We propose a population-level retrospective observational study with a linkage of eight provincial health administrative databases in BC, Canada (01 January 2010 to 17 March 2020). Our primary outcomes include taper completion and all-cause mortality during treatment. We propose a 'per-protocol' target trial to compare different durations to taper initiation on the likelihood of taper completion. A range of sensitivity analyses will be used to assess the heterogeneity and robustness of the results including assessment of effectiveness and safety.
The protocol, cohort creation and analysis plan have been classified and approved as a quality improvement initiative by Providence Health Care Research Ethics Board and the Simon Fraser University Office of Research Ethics. Results will be disseminated to local advocacy groups and decision-makers, national and international clinical guideline developers, presented at international conferences and published in peer-reviewed journals electronically and in print.
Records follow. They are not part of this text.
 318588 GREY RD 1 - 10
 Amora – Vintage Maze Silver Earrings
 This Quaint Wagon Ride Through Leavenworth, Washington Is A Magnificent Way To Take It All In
阿片类激动剂治疗(OAT)逐渐减量包括逐渐减少每日用药剂量,最终达到阿片类药物戒断状态。由于逐渐减量后复发和过量的风险很高,因此临床指南不建议这样做,但是患者仍可能要求减少药物剂量。开始 OAT 逐渐减量的理想时间尚不清楚。然而,从伦理上讲,逐渐减量计划应承认患者的偏好和自主权,但应应用关于安全性和有效性的共同知情决策原则。捕捉真实世界逐渐减量实践的关联人群水平数据为改善有关何时考虑开始 OAT 逐渐减量的现有证据提供了宝贵机会。我们的目标是确定从 OAT 开始到可以开始逐渐减量的替代时间的比较效果,以临床实践中在不列颠哥伦比亚省(BC)加拿大观察到的逐渐减量完成作为主要结局。
我们提出了一项人群水平回顾性观察研究,将加拿大不列颠哥伦比亚省的八个省级卫生行政数据库进行了链接(2010 年 1 月 1 日至 2020 年 3 月 17 日)。我们的主要结局包括治疗期间逐渐减量完成和全因死亡率。我们提出了一个“按方案”目标试验,以比较不同的逐渐减量开始时间对逐渐减量完成的可能性。将使用一系列敏感性分析来评估结果的异质性和稳健性,包括评估有效性和安全性。
该方案、队列创建和分析计划已被普罗维登斯健康保健研究伦理委员会和西蒙弗雷泽大学研究伦理办公室归类和批准为质量改进计划。结果将传播给当地宣传团体和决策者、国家和国际临床指南制定者,并在国际会议上进行演示,以及在线和印刷版发表在同行评议期刊上。